WHAT THE TASK REQUIRES | Copy exactly, and copy nothing else: the line that contains "Büyükşehir Belediyesi ulaşımda" and all lines after it in the listing, without pictures.

STORED DATA |
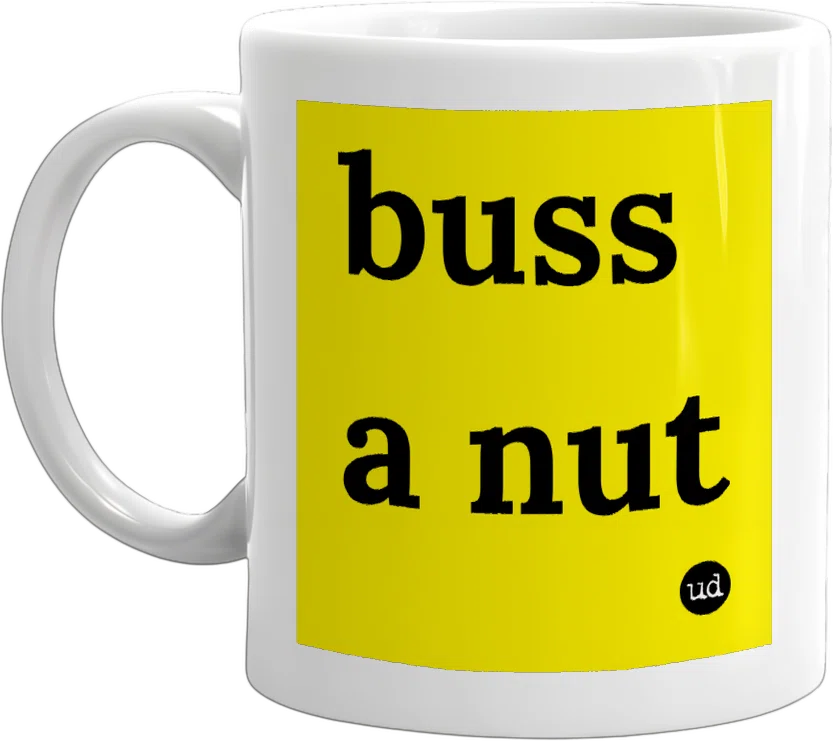 buss a nut front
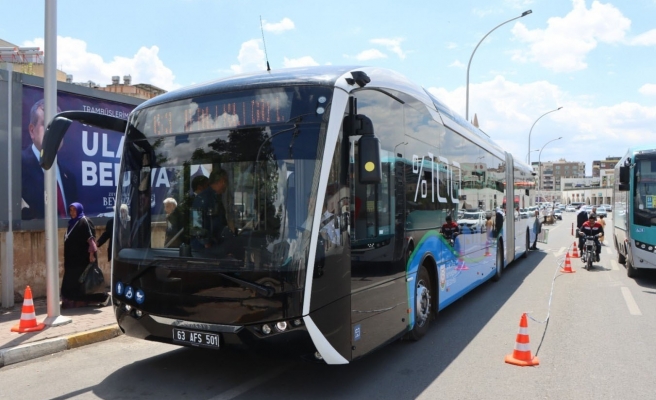 Büyükşehir Belediyesi ulaşımda güzergah değişikliğine gitti
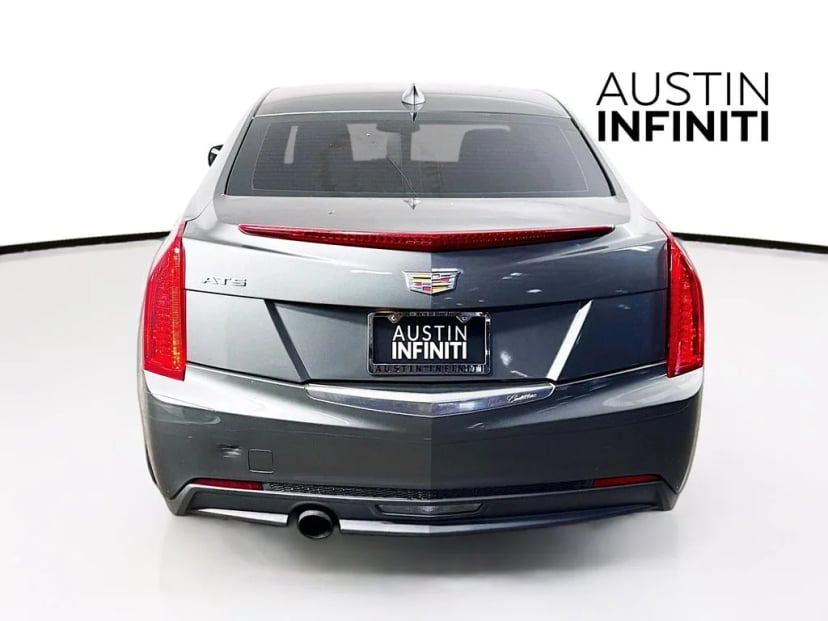 2016 Cadillac ATS - Image 7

WORKED SOLUTION |
 Büyükşehir Belediyesi ulaşımda güzergah değişikliğine gitti
 2016 Cadillac ATS - Image 7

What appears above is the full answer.